Lila York, the choreographer, was taken by the timelessness of the story. “Even though it was written in the mid-’80s, it is so timely right now,” she says.
The novel is about a futuristic United States, called the “Republic of Gilead,” where women’s rights no longer exist. The totalitarian government took power in a coup d’état and rule in a Big Brother-like fashion.
York explains the moment that the lead character loses her whole life overnight caught her attention.
“It had such a ring of truth, specifically that moment, that instantaneous ripping away of the rights of women. The shock of it stayed with me for a very long time and so I’ve always really wanted to work on this material.”
When it came to adapting the book to dance, York found, it was possible to translate all the action in the story into movement.
But she also admits there were some difficulties.

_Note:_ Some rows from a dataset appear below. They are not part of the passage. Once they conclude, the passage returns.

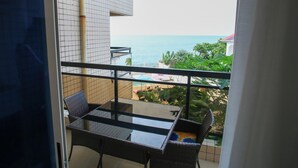 Ein Balkon mit Glastisch und Stühlen, der Blick auf das Meer und ein Gebäude mit Ziegeldeckung bietet.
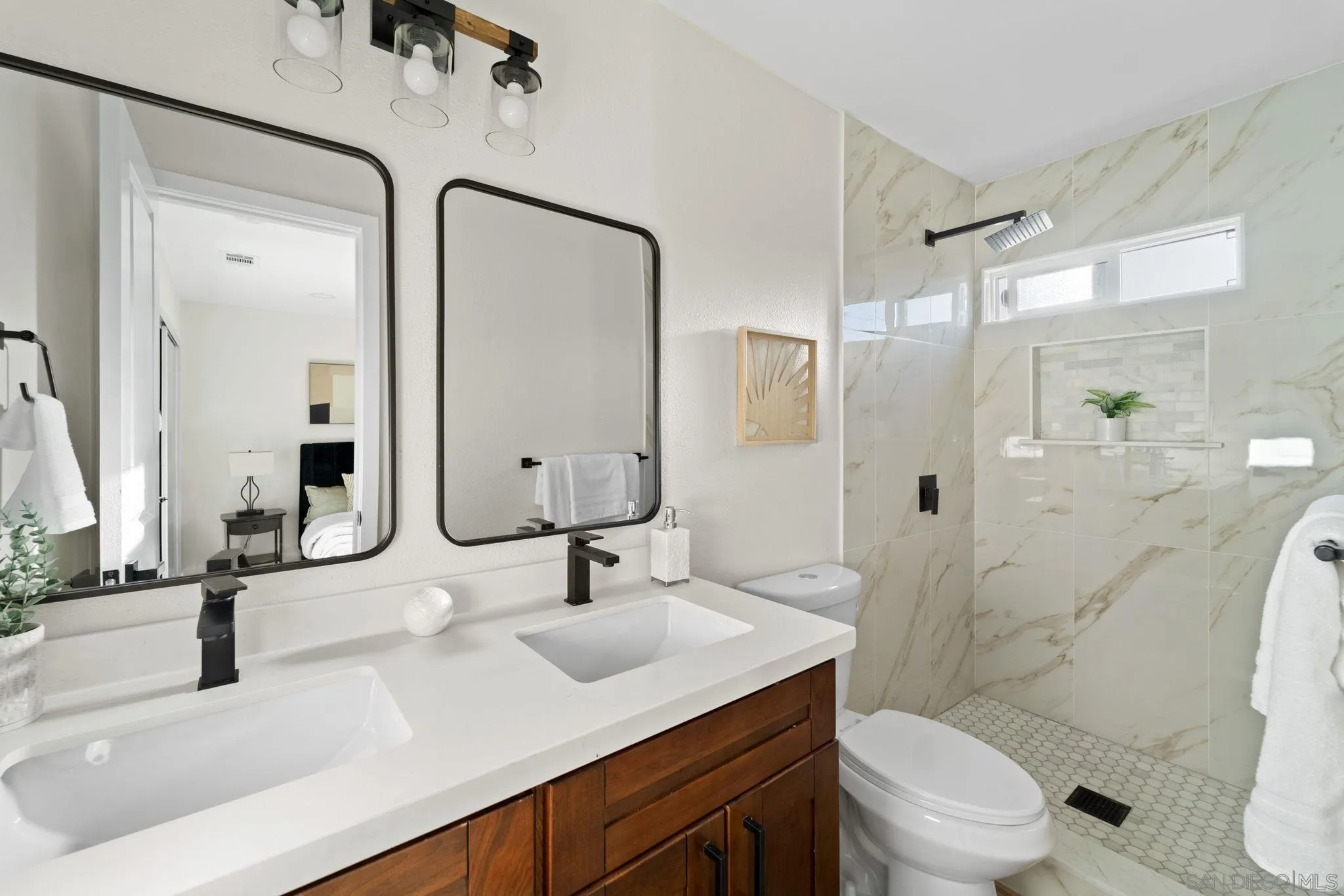 9511 Nicole Way Santee, CA 92071 - Photo 23 of 27 a bathroom with a sink a toilet and shower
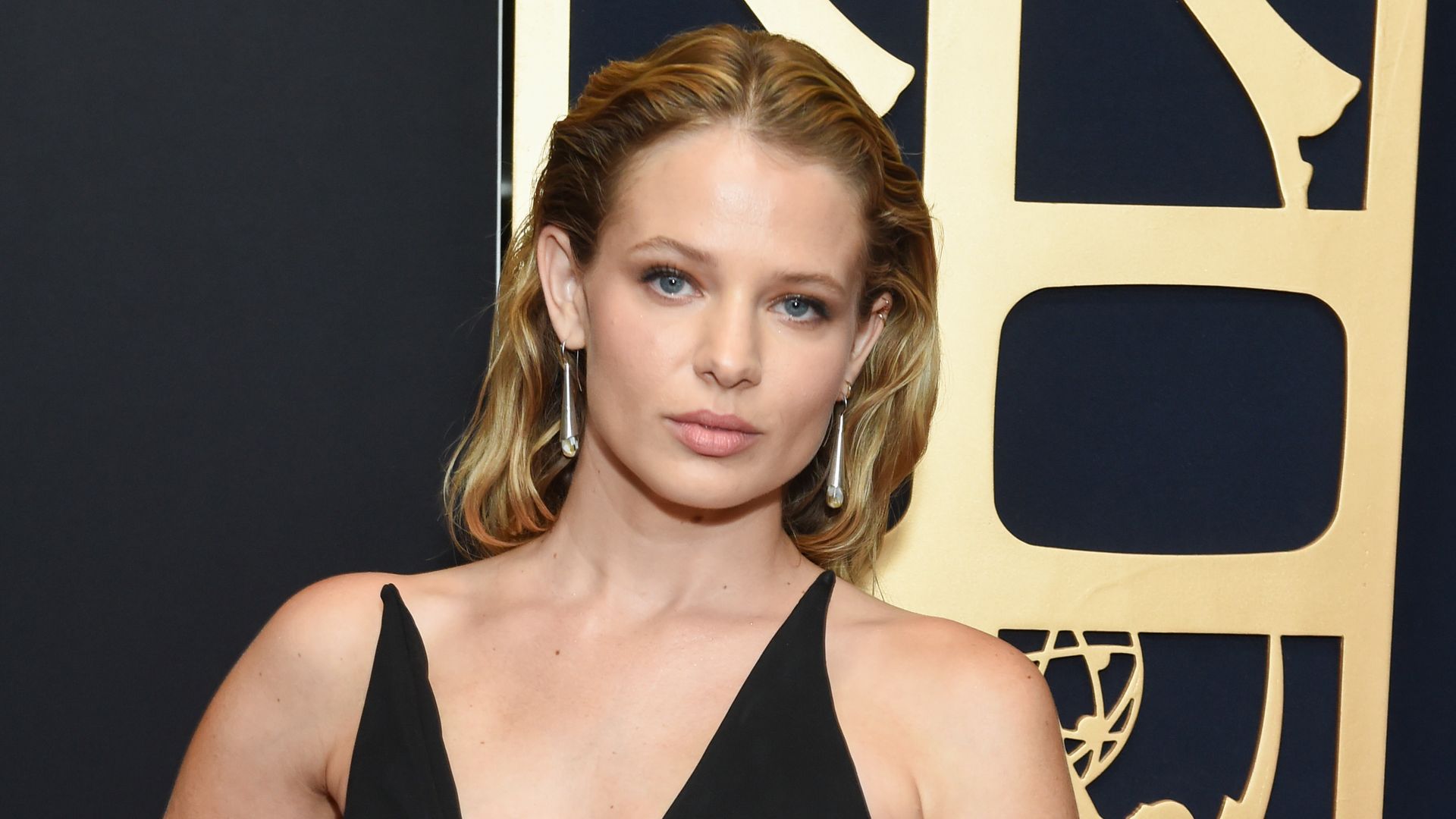 allison lanier wearing black dress at daytime emmys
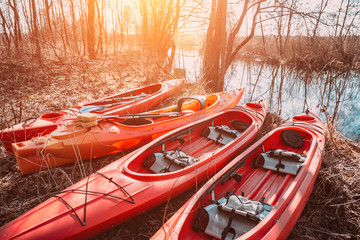 Group of canoes rental kayak on the lake shore beach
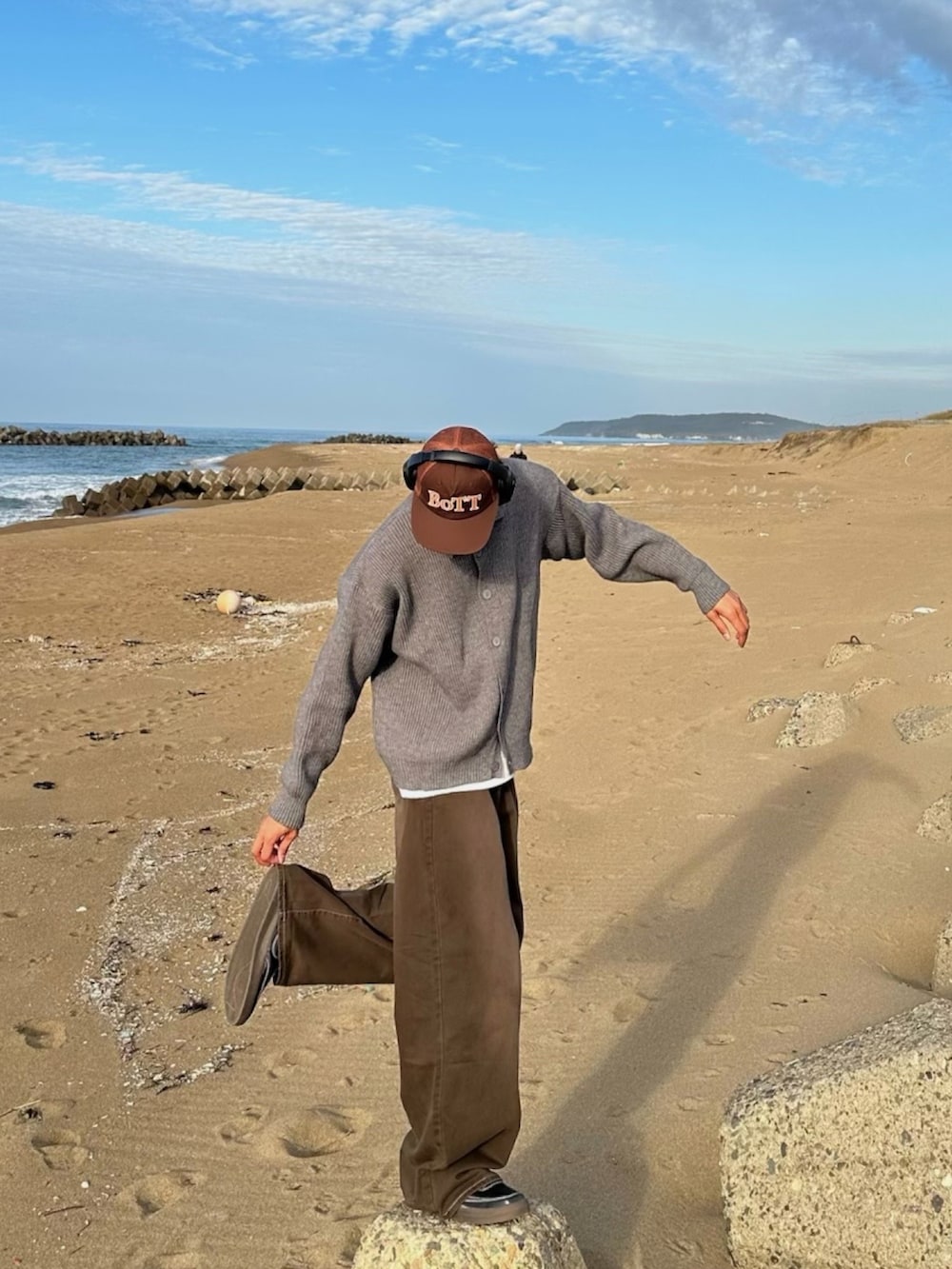 ブラック系のスニーカー、ブラウン系のキャップを着用したメンズの冬コーディネートの2枚目の写真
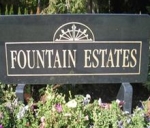 Large granite sign on two supporting granite footings with Fountain Estates' engraved in the face along wit sunburst-type logo above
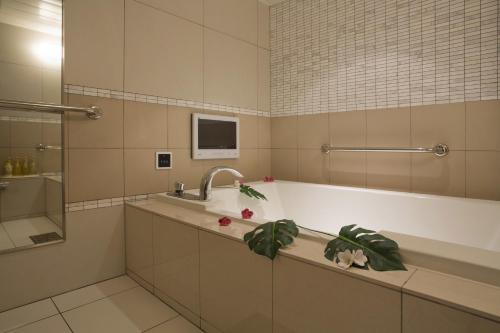 a bathroom with a bath tub and a sink at Hotel and Spa Lotus Modern (Adult Only) in Kyoto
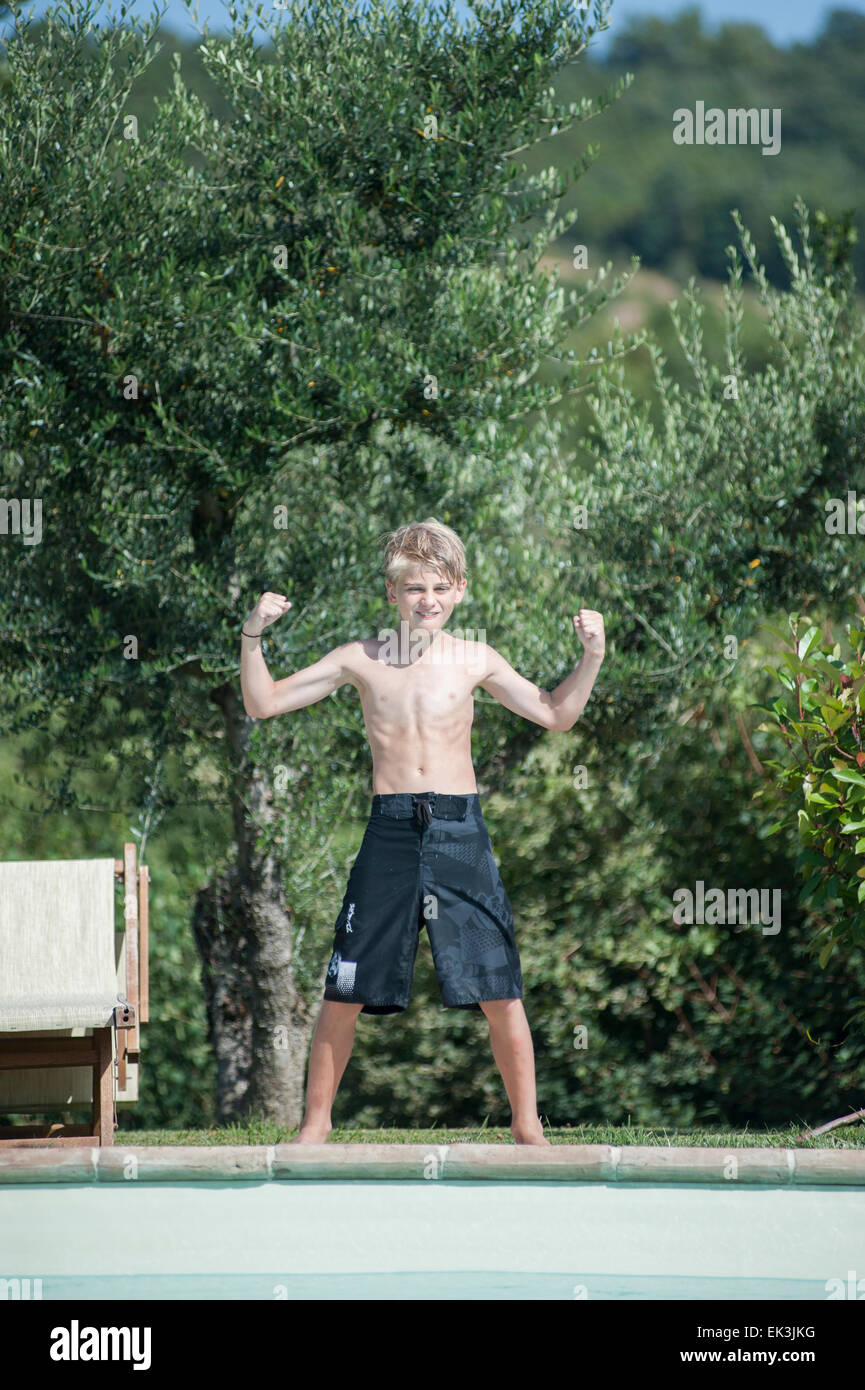 Un jeune garçon en maillot de bain noir pose de la piscine en vacances Banque D'Images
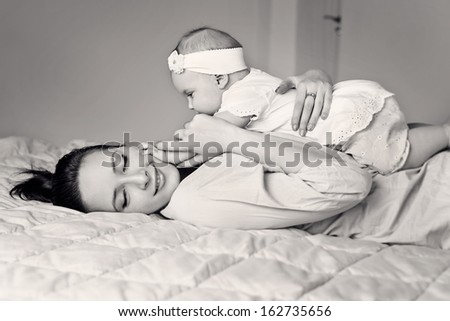 Closeup faces of young happy mother with cute newborn baby. Black and White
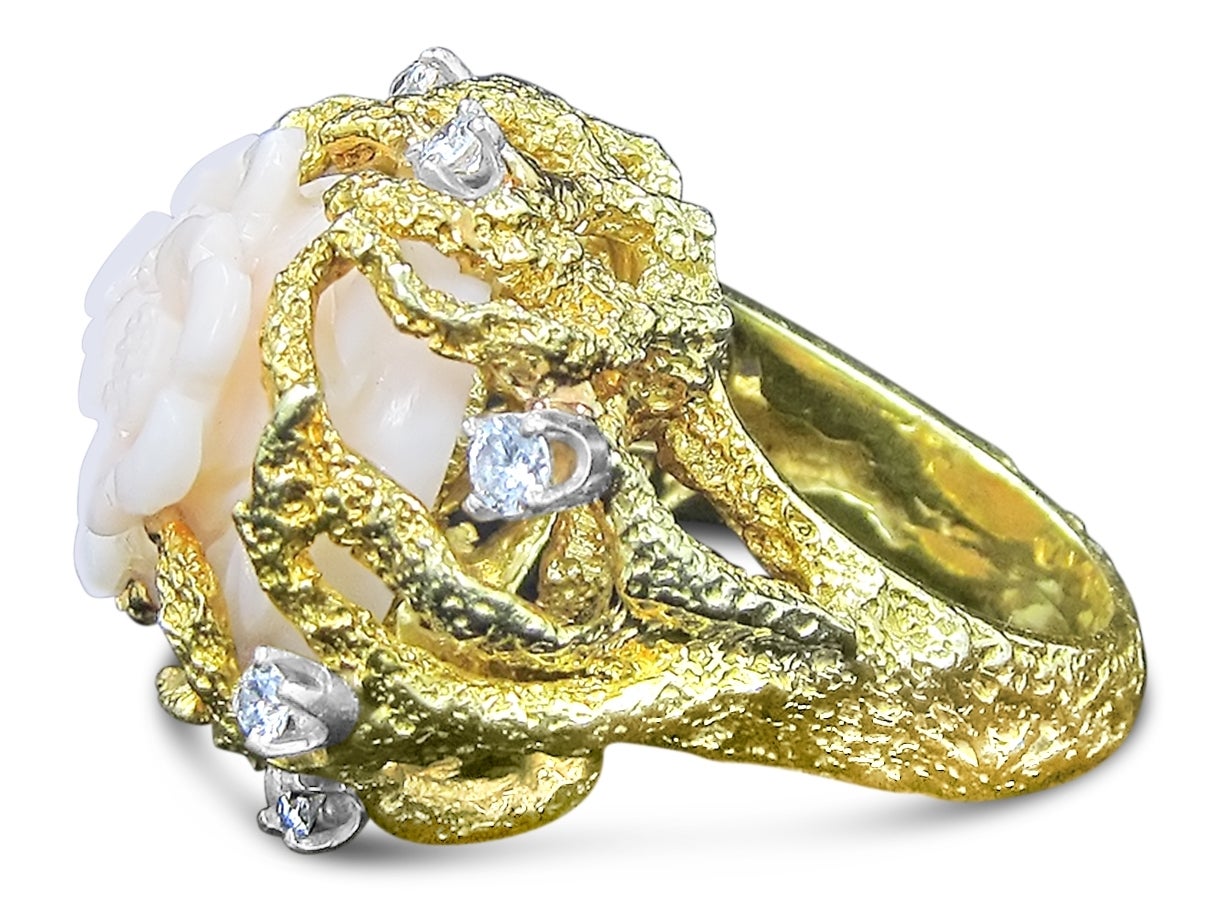 We are pleased to offer this beautiful ring with a coral piece carved into a flower bloom with diamonds set in 18k yellow gold. 8 round diamonds weigh approximately .75 total carats. Center carved coral is set in a coral designed yellow gold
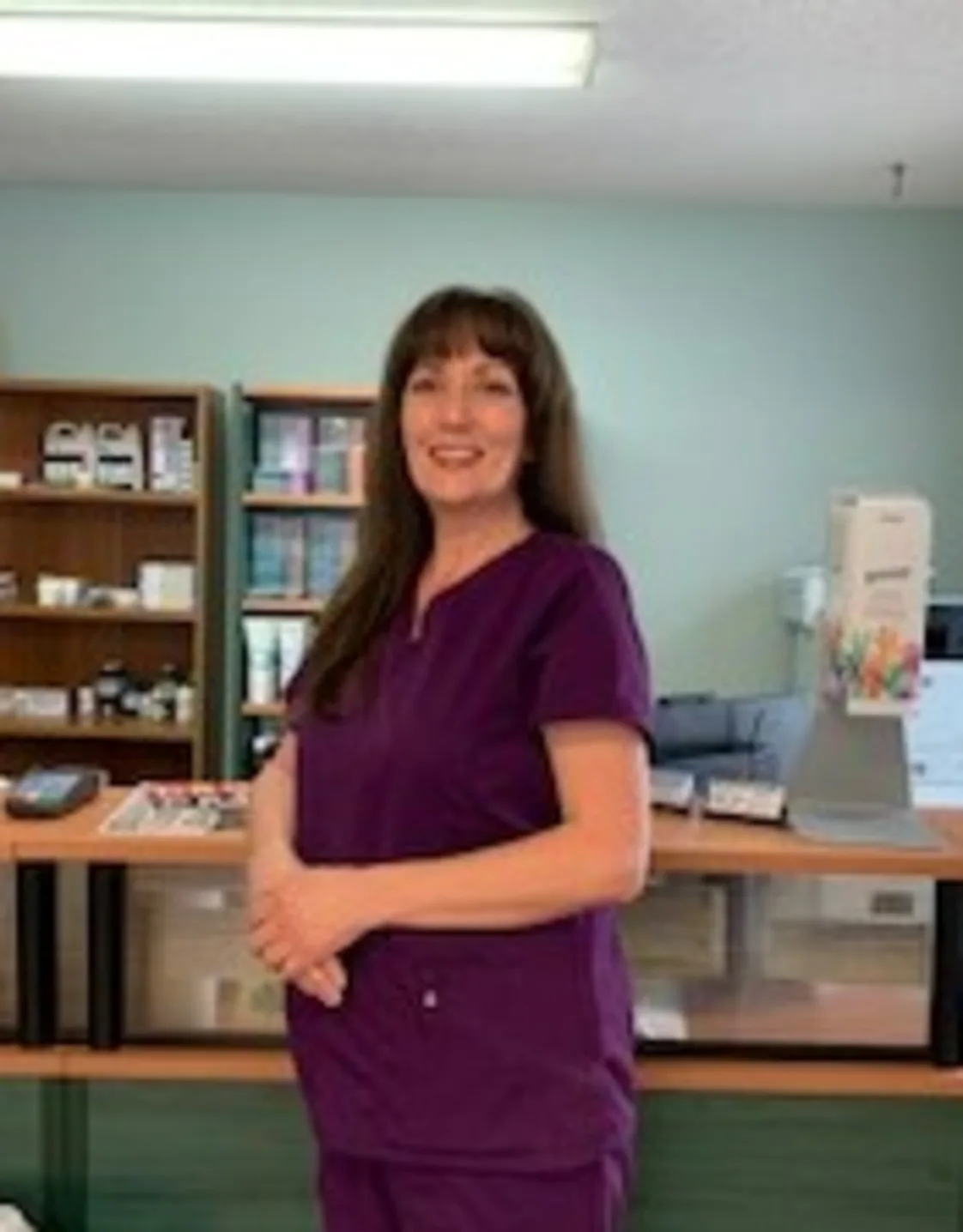 Kim of Three Islands Veterinary Clinic standing in the front office of the hospital Kim of Three Islands Veterinary Clinic standing in the front office of the hospital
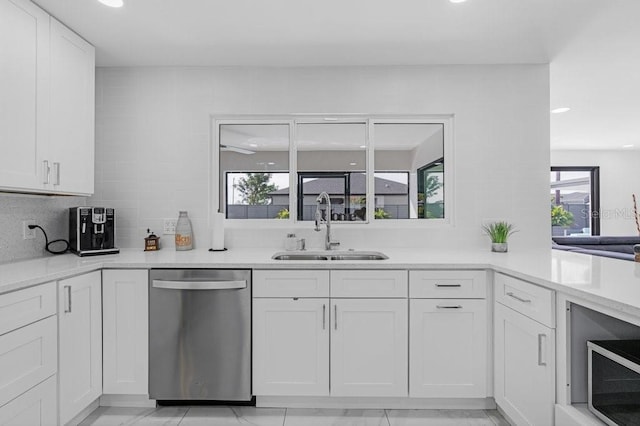 kitchen featuring white cabinetry, stainless steel dishwasher, tasteful backsplash, and sink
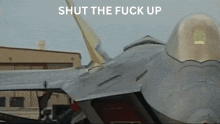 a picture of a fighter jet with the words shut the fuck up below it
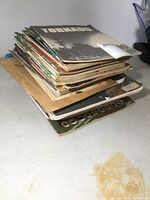 Stack of vintage magazines including Tornado and others, showing edges and wear.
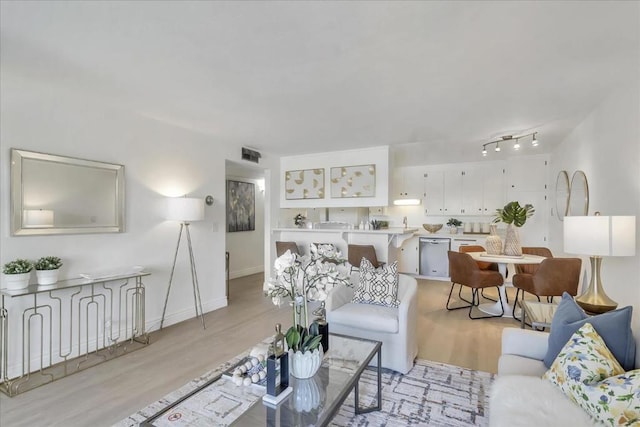 living room featuring light wood-type flooring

“I felt conflicting pressures within me to be true to the novel and also at the same time, my intention was not to terrify audiences – so I felt that I was treading a line as it is a very, very scary novel.”
She said she know there would be children in the audience.
“I wanted it to be abstracted enough that they could bring their children to it without it feeling too upsetting for them.”
Other challenging elements, according to York, were the inner thoughts of Offred, one of the protagonists in the novel.
York got some help from Atwood.
Jane Puchniak, public relations coordinator for Royal Winnipeg Ballet, says that York was in contact with the author during the creative process through email, but the ballet adaptation was entirely the creation of the choreographer.
The Handmaid’s Tale is not Atwood’s first novel to be artistically adapted, but it is the first to be danced. In 2004, the famous story was also made into an opera by the Canadian Opera Company. In 2007, the NAC collaborated with Britain’s Royal Shakespeare Company to present the play, The Penelopiad
Norma Sue Fisher-Stitt, a professor at York University’s dance department, says it’s common for ballets to be inspired by literature. She gives the example of Shakespeare’s Romeo and Juliet and the Grimm Brothers’ Cinderella.
She explains that dance is a great way to tell emotional stories because “you certainly can get an immediate feel for the emotions that underline the relationships and see that in a very physical form.”
Cathy Levy, the NAC’s executive director of dance, writes in the official house program for the show that York’s adaptation is “fascinating” and “bold.”